START DATA SHOWN

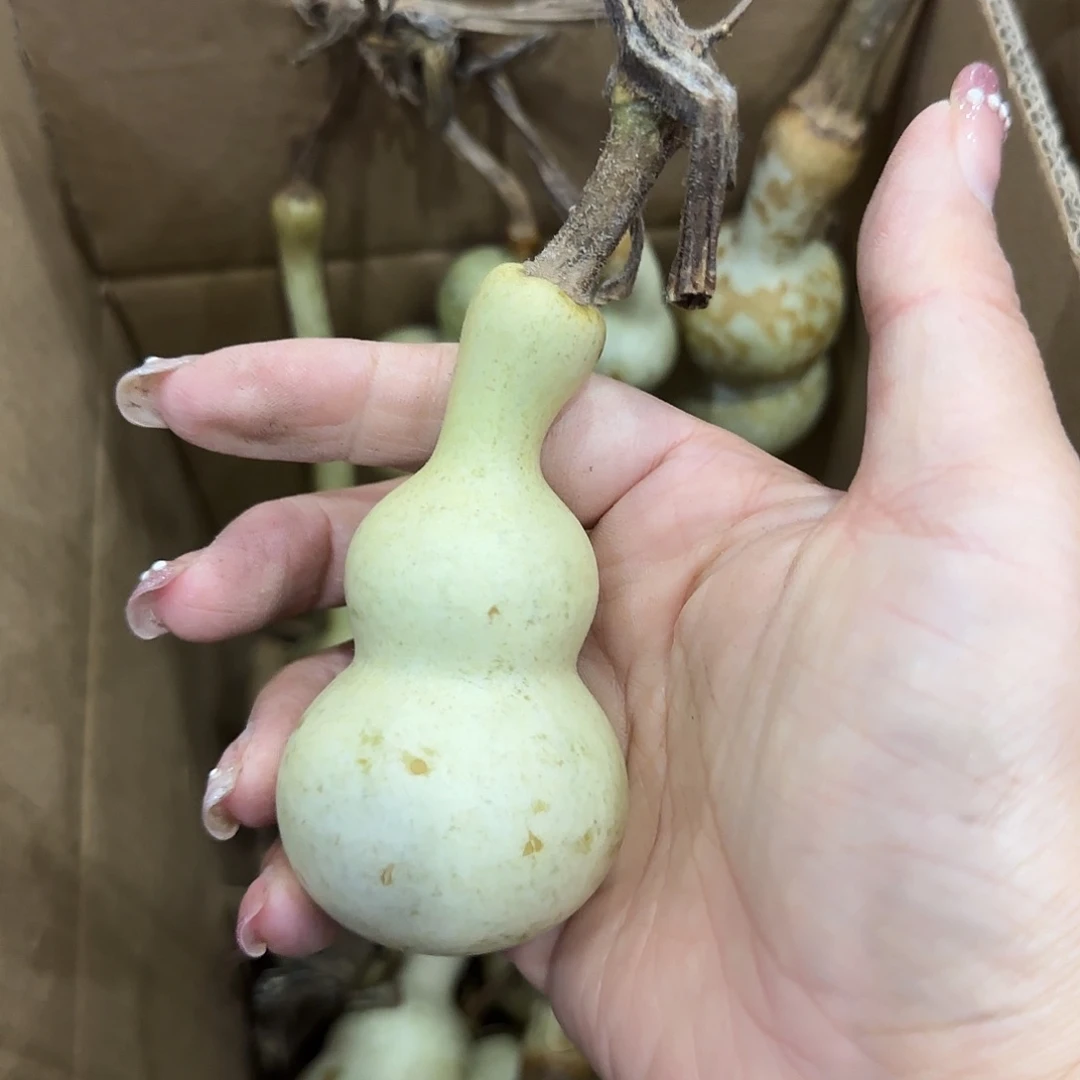 迷***春葫芦干活古古惑惑v回家好好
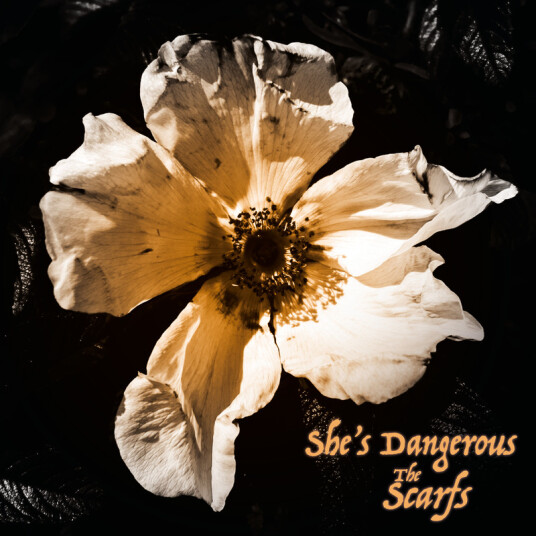 She's Dangerous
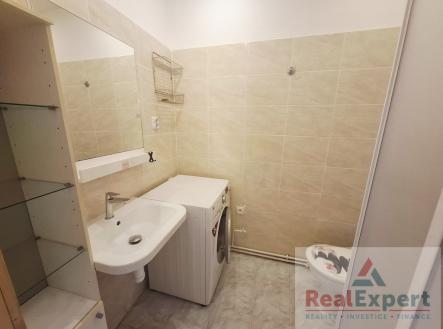 Pronájem bytu, 1+1, 403 m²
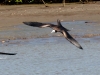 Magnifcent Frigatebird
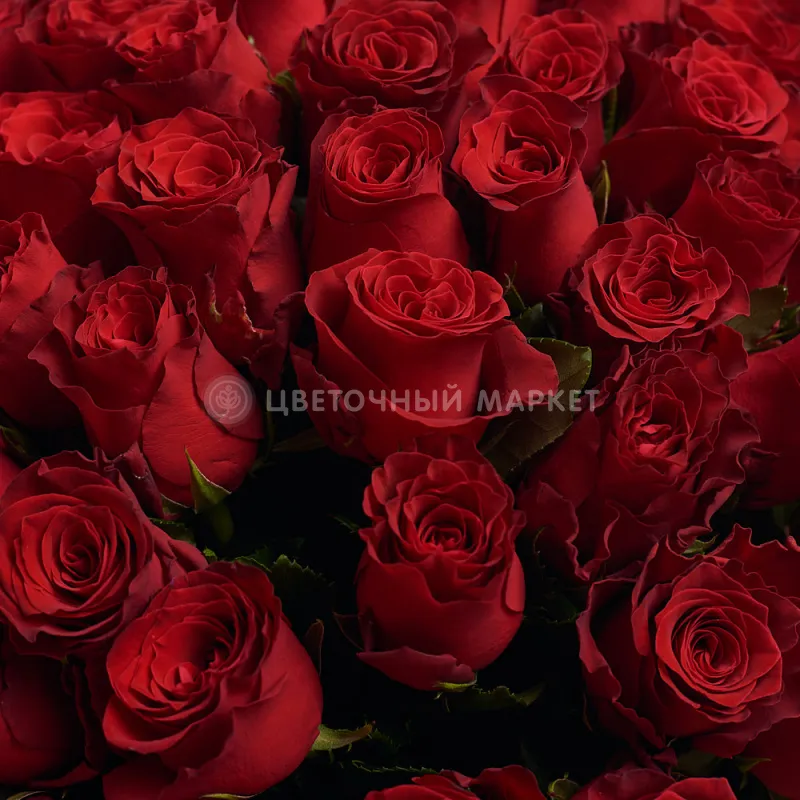 Букет из роз «Гранатовый» фото №2 Фото Букет из роз «Гранатовый»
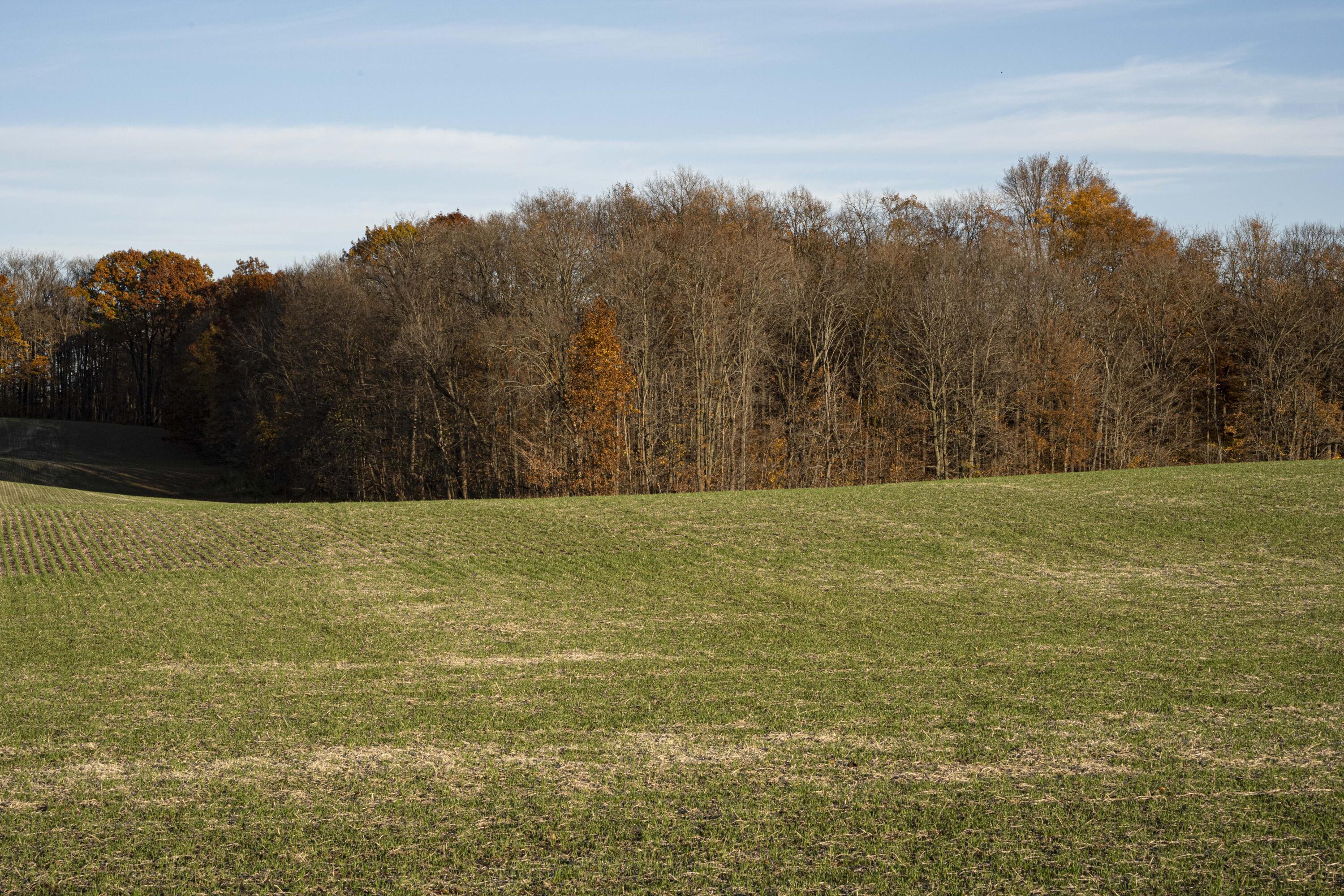 0 Gardner Road Galien, MI 49113 - Photo 5 of 18 REN_2548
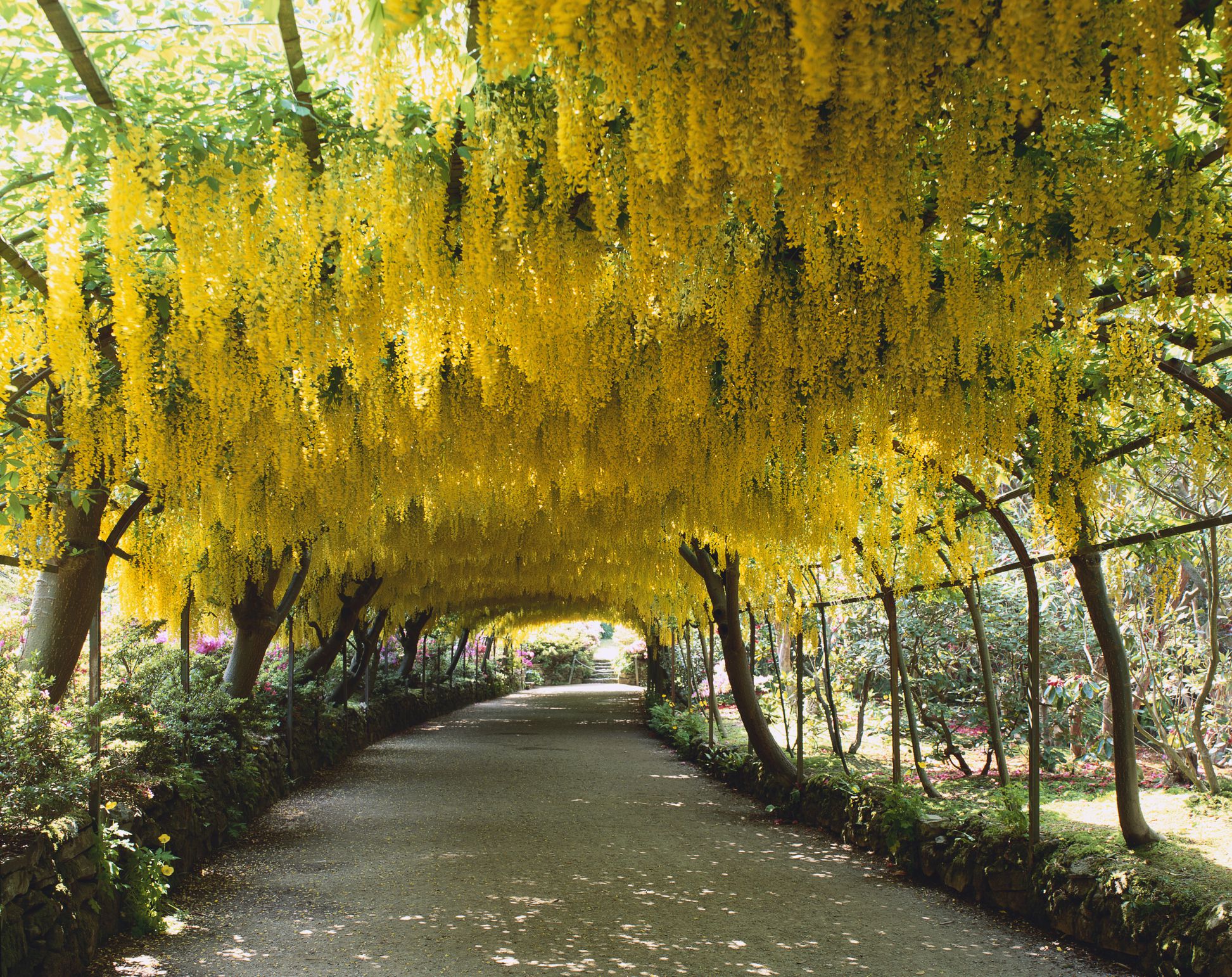 The Best Flowering Trees for Your Landscape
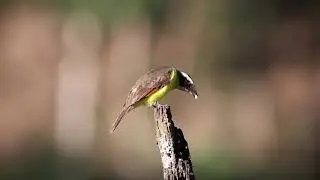 Bentevizinho de Asa Ferrug&iacute;nea (Myiozetetes cayanensis)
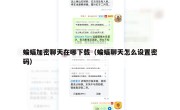 蝙蝠加密聊天在哪下载（蝙蝠聊天怎么设置密码）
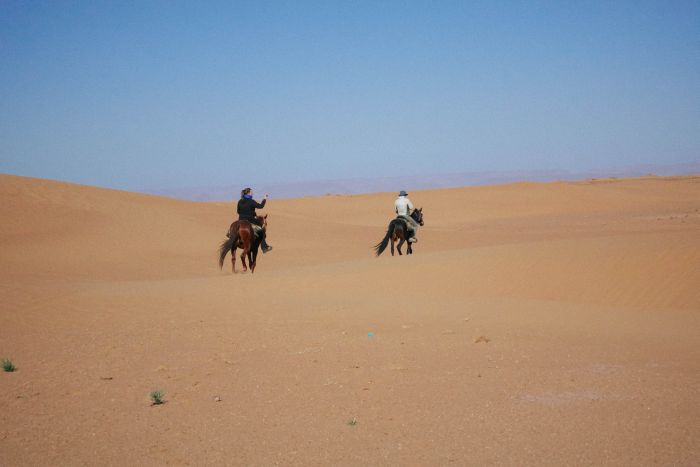 Dunes & oases ride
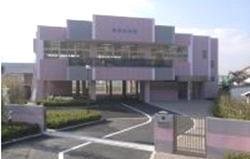 幼稚園・保育園　精華幼稚園（幼稚園・保育園）まで315m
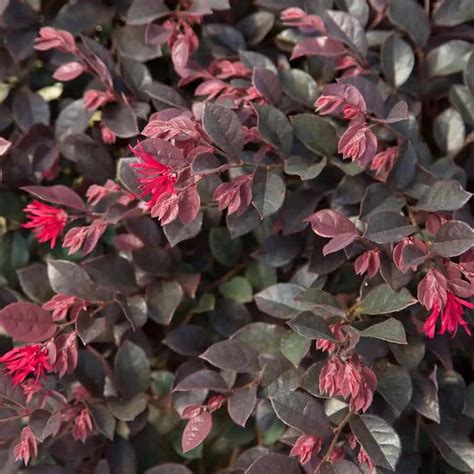 Purple Daydream Dwarf Loropetalum Sooner Plant Farm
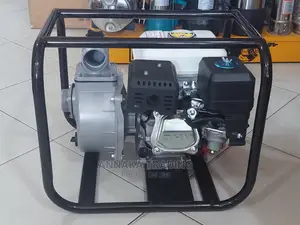 Petrol Water Pump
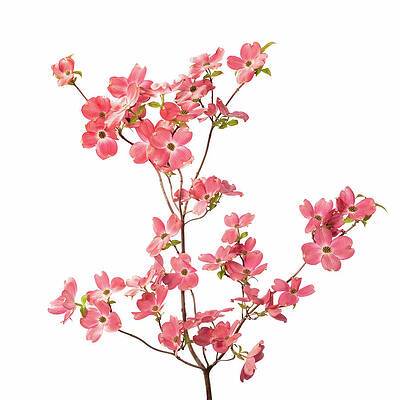 Wall Art featuring the photograph Pink Dogwood Square 2 by Mary Jo Allen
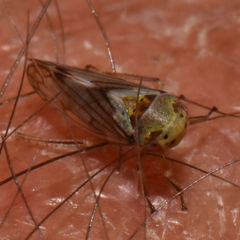 Oncopsis flavicollis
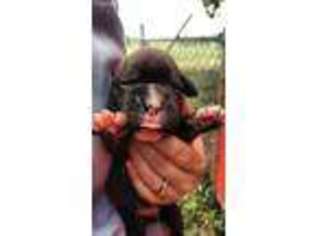 Boxer Puppy for sale in Girard, KS, USA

END DATA SHOWN

WHAT IS NEEDED - Restate word for word the lines that begin at the one containing "Wall Art featuring" and end with the final line of the records. Pictures stay out.

WRITTEN RESPONSE -
 Wall Art featuring the photograph Pink Dogwood Square 2 by Mary Jo Allen
 Oncopsis flavicollis
 Boxer Puppy for sale in Girard, KS, USA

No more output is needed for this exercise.